The model has to identify the right body of reports to study before it can analyze themes or write a referenced report. That defined corpus of reports then carries through the entire workflow:

it defines which reports from the database are in scope for the report.
it determines which findings and recommendations are retrieved.
it gives the analyst a bounded evidence base to interpret.
it sets the outer limits on what the final report can responsibly claim.

The SQL examples and references I provided to the model were focused on defining the foundation of reports to analyze. Whether a model is doing the research or a human is doing the research, the steps will look very similar.

Examples from workflow steps

To give a sense of how the pieces fit together, here are a few tasks the planner agent created for the other agents to perform. Notice how each task is scoped to a specific task for the subagent to complete.

{
  "task_id": "task_001",
  "kind": "corpus_scope",
  "role": "sql_agent",
  "title": "Identify PBM/pharmacy-related active reports",
  "description": "Return a report-grain result set listing active, non-hidden audit reports that are about PBMs or pharmacy issues (using report keywords)."
}

{
  "task_id": "task_002",
  "kind": "evidence_retrieval",
  "role": "sql_agent",
  "title": "Retrieve findings and linked recommendations for PBM/pharmacy reports",
  "description": "For the reports returned by task_001, return one row per finding including recommendation context and report metadata."
}

{
  "task_id": "task_004",
  "kind": "report",
  "role": "report_writer",
  "title": "Consultant-style report: recurring PBM oversight findings and audit process targets",
  "description": "Produce a consultant-style narrative report answering the user's question, grounded to the analysis output and evidence, with prioritized audit processes and concrete audit tests."
}

To give you a sense of the workflow the agent followed, here's the log of events that shows the exact workflow steps that the agent went through after it received a question about a topic. As the agent worked through each task and created its own output for the next steps, it saved them as "artifacts" within the file system.

Run log

Models can improve their output with feedback

To take advantage of the model's ability to improve if given the right kind of feedback, the evaluator is a layer of the process that has the ability to spot issues and generate a repair cycle.

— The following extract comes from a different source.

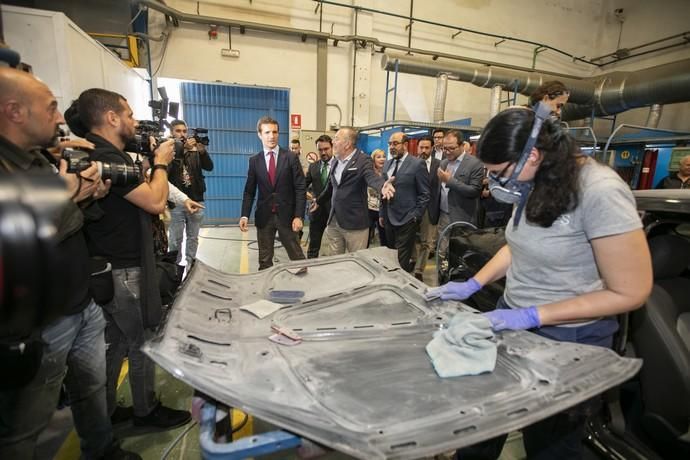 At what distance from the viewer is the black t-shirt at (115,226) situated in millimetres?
1661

The evaluator can "fail" the report completion process and generate a report_revision task to tighten citations, grounding, or writing without reopening the whole workflow.

Here's an example from an agent run where the evaluator determined the report citations need to be fixed:

{
  "task_id": "task_005",
  "kind": "report_revision",
  "role": "report_writer",
  "title": "Revise the report",
  "description": "Tighten the report using evaluator feedback without reopening retrieval or analysis.",
  "instructions": "Revise the report to resolve report validation issues using the existing evidence base.\n\nIssues:\n- Sources section is missing canonical [Report N] entries.\n- Sources Referenced is missing body-cited report ids: 6, 7, 53, 65, 83\n\nRequested follow-ups:\n- Address advisory report-validation warnings where possible.\n- Keep canonical [Report N] citations consistent between body and sources.",
}

Right now, the evaluator mainly checks for report citation accuracy but I'll be expanding this loop to include things like:

Question coverage — does the report actually answer what was asked?
Evidence grounding — are claims anchored in a body of evidence, or is the report stretching a single example into a broad generalization?
Narrative quality — is it coherent and synthesized, not just a listing of database entries?
Actionability — are recommendations concrete enough to guide real, useful follow-up?
Residual risk — would you trust the report as-is or what is it missing?

Closing thoughts

The clearest lesson I learned from this process was that to build a useful agent workflow to automate a research process, it really was about building a focused workflow with structure, constraints, and a clear trail of evidence.

With the right kind of tools and context, it could move through a research process in a way that was reviewable and easier to trust and easier to improve. It really makes me wonder in what ways knowledge bases for organizations will be put to use in the future.